Trying out the Google Cloud Composer Quickstart in a free trial account, the example workflow DAG's first task runs this operator:

create_dataproc_cluster = dataproc_operator.DataprocClusterCreateOperator(
        task_id='create_dataproc_cluster',
        cluster_name='quickstart-cluster-{{ ds_nodash }}',
        num_workers=2,
        zone=models.Variable.get('gce_zone'),
        master_machine_type='n1-standard-1',
        worker_machine_type='n1-standard-1')

which fails with this error message:

 - Insufficient 'CPUS' quota. Requested 6.0, available 2.0
 - This request exceeds CPU quota. Some things to try: request fewer workers (a minimum of 2 is required), use smaller master and/or worker machine types (such as n1-standard-2).

2 is already the minimum number of worker nodes and n1-standard-1 is already the smallest machine type.

Q. Is there a way to get DataprocClusterCreateOperator() to allocate a higher 'CPUS' Quota?
The Airflow website and Cloud Dataproc Quotas doc are not forthcoming.

Q. Is this a hard limit for a free trial account?
The IAM Quotas console page shows Current Usage as 6, 75%, at 3 of 4 bars, implying that the quota is 8.

Jerry101
  • 12,157
  • 5
  • 44
  • 63
  • 2
    Dataproc starts Compute Engine VMs, so CPU quotas applies to Compute Engine. Quotas are not related to Airflow, `DataprocClusterCreateOperator` just uses Dataproc APIs to start VMs. However, you can request smaller VMs (with fewer CPUs) for your workers (I do not recommend it though, `n1-standard-1` for a Dataproc worker is already small). Anyway, do you have some Compute Engine VMs started? Looks like 6 CPUs are already used in your case. – norbjd May 25 '19 at 10:12
  • 1
    @norbjd That's a key insight! It turns out those 6 CPUs are the 3 `n1-standard-2` GKE nodes created to run the Cloud Composer environment. So if I'd picked `n1-standard-1` for the environment node machine type, the Quickstart example would need 6 CPUs total, which ought to fit in the undocumented quota. [Please do write an Answer and I'll accept it.] I retried the Quickstart within an existing project that has full billing (despite their recommendation) and the Dataproc task ran successfully...but wrote nothing to the output bucket. :-( I don't need Dataproc so I'm not going to debug it. – Jerry101 May 25 '19 at 20:10

1 Answers1

4

Dataproc worker machines are in fact Compute Engine VMs, so CPU quotas applies to Compute Engine API.

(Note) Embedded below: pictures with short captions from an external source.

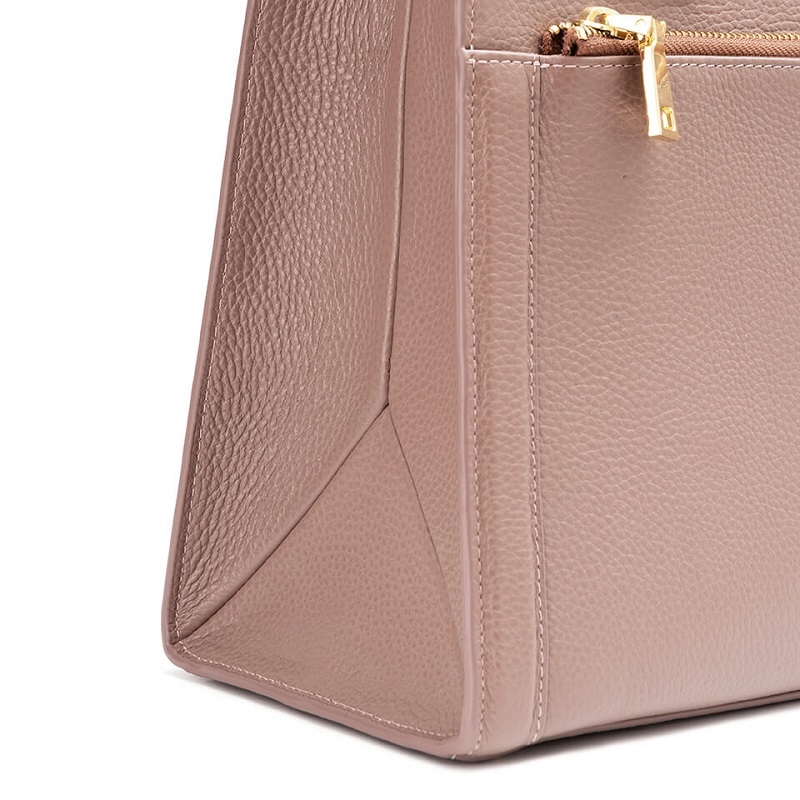 Chất liệu da bò êm ái, bóng đẹp của TX17 ghi điểm với nữ giới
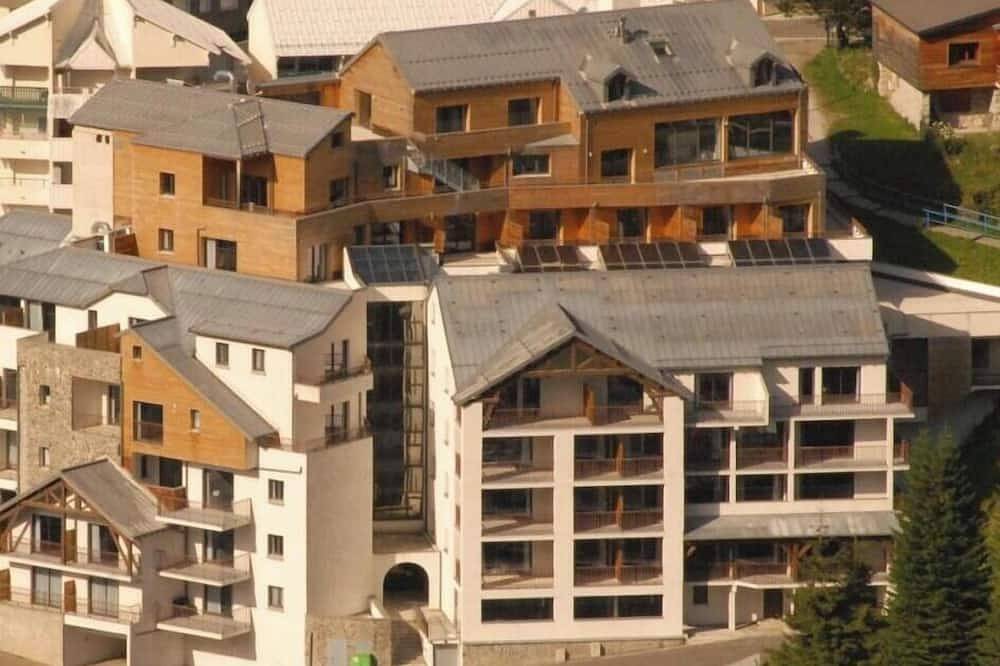 Entire apartment, 80m from resort center, 1st floor, swimming pool, tv, ski locker, 30m², Gourette in Gourette, Eaux-Bonnes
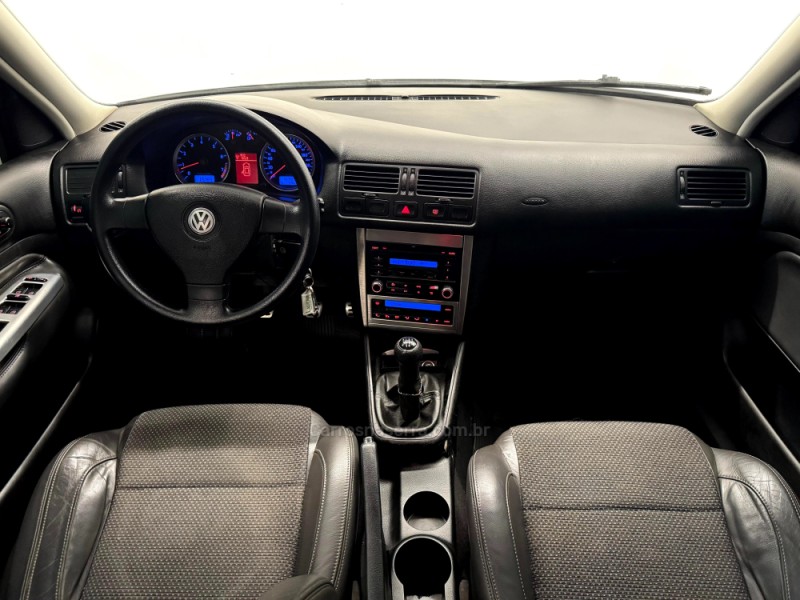GOLF 1.6 MI SPORTLINE 8V FLEX 4P MANUAL - 2011 - CASCA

CPU quotas are not related to Airflow/Google Cloud Composer and cannot be configured from there. DataprocClusterCreateOperator simply calls Dataproc APIs, which at their turn starts VMs on Compute Engine.

For free trial accounts, CPUs quota seems to be 8, as you experienced. From details you have provided in the comments section, your Composer environment use 6 out of those 8 CPUs (3 * n1-standard-2). Note that you can use smaller machines for Composer (1 CPU), but you'll always need 3 nodes at least. So a minimal Composer environment will use 1 * 3 = 3 CPUs. You can save 3 CPUs here if you want, but Airflow stability could be affected.

You can also request smaller VMs (with fewer CPUs) for your Dataproc workers (or fewer Dataproc workers). Again, I do not recommend it though, because n1-standard-1 (or less) for Dataproc workers is too small.

Note also that with non-free trial accounts, you can request higher quotas. However, in free trial accounts, I think it is not possible.

norbjd
  • 10,166
  • 4
  • 45
  • 80